= Bio-like structure =

Bio-like structures were claimed to be a form of synthetic life obtained by the Soviet microbiologist V. O. Kalinenko in distilled water, as well as on an agar gel, under the influence of an electric field. However, these entities are most likely non-living inorganic structures.

== Description ==

The original idea behind the experiments was a consequence of Kalinenko's observations made during an expedition studying microorganisms that live at the bottom of sea and ocean waters. It was assumed that test samples were not contaminated, since the experiments were carried out in sterile laboratory conditions and the formed structures did not resemble microorganisms currently known to science. Kalinenko described the process as the creation of life forms from inanimate matter—water, air, and electricity. The structures were reported to have various amoeba-like shapes, resembling discs, cigars and caudate rockets. They seemingly possessed the basic characteristics of living organisms in that they could move, grow and multiply, and cell "nuclei" were observed, which, similarly to naturally occurring nuclei, contained "chromosomes". Some "amoebas" turned out to be "predators" that could envelop and then digest their "victims". Moreover, Kalinenko argued the structures exhibited enzymatic activity by dissolving calcite and magnesite crystals; therefore, it might be concluded that they were not minerals themselves. Kalinenko did not give the structures a formal name; instead, he referred to them as "bio-like structures", "biostructures" and "artificial cells". As evidence to support his claims, Kalinenko presented numerous photographs showing the various stages of the formation and development of "biostructures". Kalinenko termed the process of the synthesis of these structures as "energobiosis" and claimed that the method he described might also be used to synthesize protein-based cells.

== Scientific reviews ==

The structures have been described by Kalinenko as "living" microorganisms; however, his statements have been called into question.

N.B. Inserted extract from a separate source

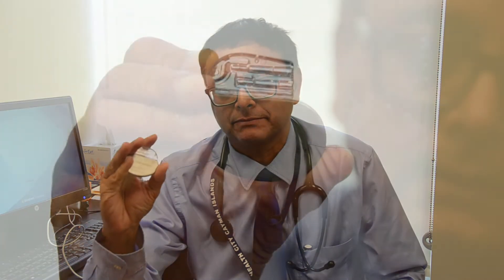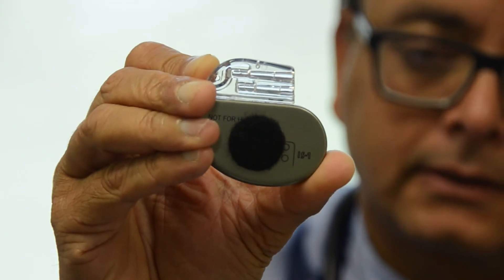A pacemaker is usually a small device like this. It used to be very big, and now it's come to this size. This is implanted in the subcutaneous tissue in the chest of a patient.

A review study carried out in a laboratory concluded that these structures lack proteins, amino acids, nucleic acids (and their precursors, purine and pyrimidine bases), and adenosine triphosphate; that is, they "contain no important compounds necessary for all known organisms" and therefore "cannot be regarded as living structures". Although it has been actually found that some of the structures produced by Kalinenko slightly resembled bacteria or amoebas in their shape and form, the group of workers did not detect any microorganisms in the samples. However, a possibility that the described process may have something to do with the origin of life on Earth has not been completely ruled out. Scientists have not explicitly stated what "biostructures" truly are, but it has been suggested that they probably consist of inorganic salts. Kalinenko's striking declaration that "biostructures" are living units met with bewilderment and skepticism among biologists of the USSR Academy of Sciences. It has been implied that the conclusions Kalinenko drew resulted from his lack of a critical attitude towards the data, as it seemed impossible to create a cell under the described conditions; there were also those who were more sharply critical of him. According to NASA researchers, "presently known scientific principles of biology and biochemistry" cannot allow inorganic entities to be considered alive, and "the postulated existence" of such entities "has not been proved" as no confirmatory reports by other scientists exist.